Section titled “Roadmap”

Done (kept here for context):

  • Marshalling-friendly contribution APIs — exporter/formatter/importer use declarative appliesToTypes: string[]; tool inputSchema ships as JSON Schema; the DbAdapter/DriverFactory contract is async and placeholder is a declarative placeholderStyle. The rich surfaces can now cross the isolation boundary, so isolation will broaden to drivers/exporters/tools.
  • Enforce advisory permissions in the workernetwork/filesystem/ process are gated by the worker module sandbox (above) for isolated plugins.

Remaining, in rough priority order:

  1. Broaden canIsolate to the now-marshalling-friendly surfaces (drivers, exporters, importers, formatters, tools), with the live DbAdapter exposed to the host as an RPC handle, so those plugins also run out-of-process.
  2. Deeper worker hardening — drop NODE_OPTIONS/inherited env on the forked process, block dynamic import() of gated builtins via a module customization hook, and restrict the native-addon escape routes the module sandbox doesn’t cover. (Module._load and process.binding/dlopen are now covered; see Known limitations item 4.)
  3. Cross-platform, in-process zip extraction to remove the unzip dependency and fully own traversal/symlink handling.
  4. Signed plugins + a trusted registry — verify a publisher signature or a checksum from a known index at install time, and show provenance in the UI. A full design spec already exists: proposals/signed-plugins-and-registry.md.

For plugin authors

Section titled “For plugin authors”
  • Declare every sensitive capability in permissions.
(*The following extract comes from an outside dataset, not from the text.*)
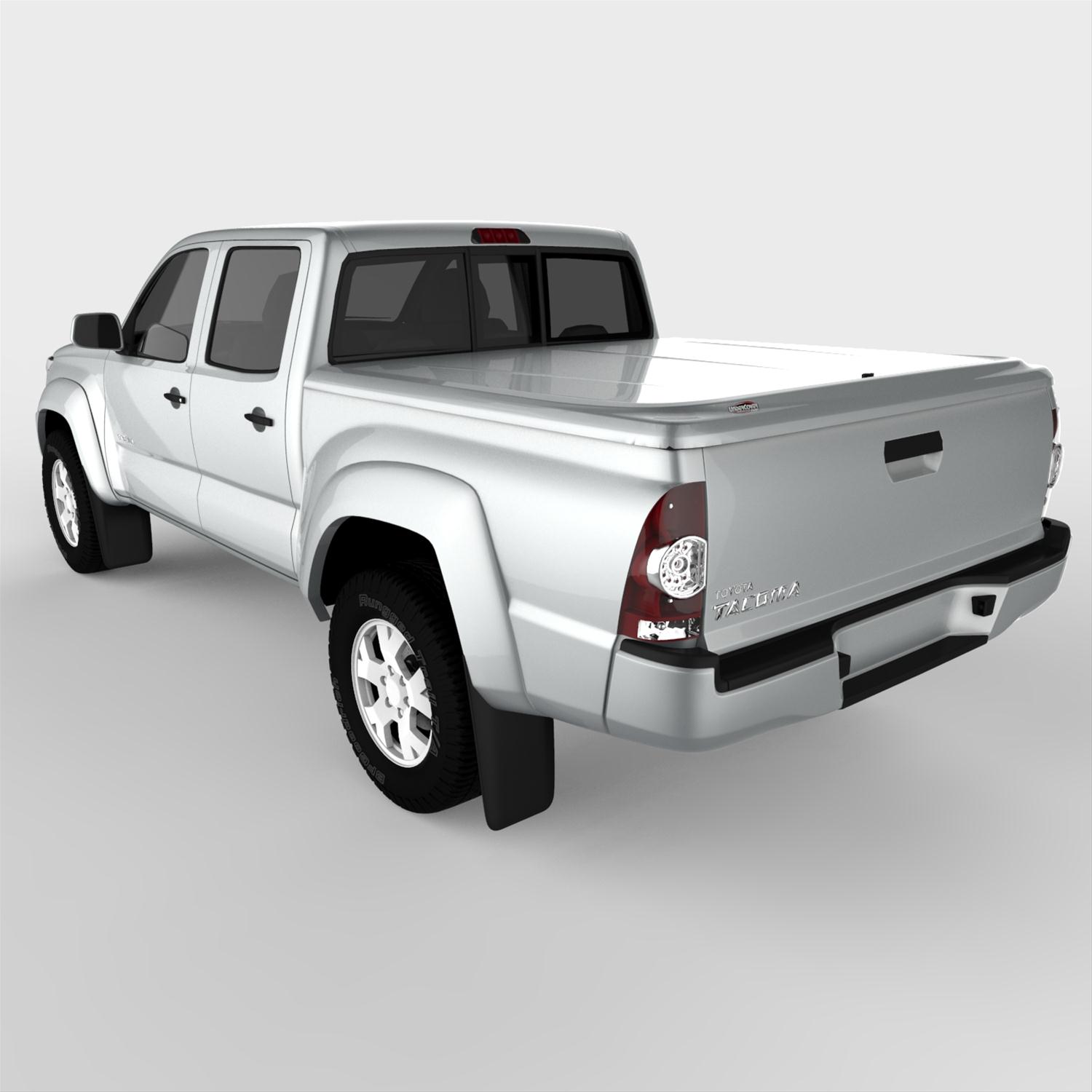 UnderCover 14-15 Toyota Tacoma 5ft Lux Bed Cover - Silver Sky (Req Factory Deck Rails) thumbnail 9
If you call a gated surface without declaring + being granted it, you’ll get a PermissionDeniedError with the exact fix in the message.
  • Prefer ctx.settings (namespaced) over reaching for app-wide config; you cannot use ctx.rootSettings anyway.
  • Keep activate() fast and side-effect-light; push real work behind the surfaces you register.
  • Ship no symlinks in your plugin package — the installer will refuse it.

For users

Section titled “For users”
  • Treat installing a plugin like installing any other program: it runs with the app’s privileges. Only install plugins from sources you trust.
  • Review the Permissions tab before granting. A formatter or theme that asks for keyring or network is a red flag.
  • Bundled plugins are part of Verql itself and are trusted; you can disable but not uninstall them.

Tests

Section titled “Tests”

The security boundary is pinned by tests under tests/unit/audit/: plugin-permissions.test.ts, plugin-install-symlink.test.ts, plugin-path-traversal.test.ts, plugin-bundled-shadowing.test.ts, plugin-manifest-rejects-bad-input.test.ts, and sdk-public-surface.test.ts. The process-isolation bridge is covered under tests/unit/isolation/ (rpc.test.ts, isolated-plugin.test.ts, sandbox.test.ts) — including that an ungranted host capability is denied across the (simulated) process boundary, that the worker module sandbox blocks an ungranted require('net')/fs/ child_process, that grants flow to the worker, and that a worker crash tears the plugin’s proxies down.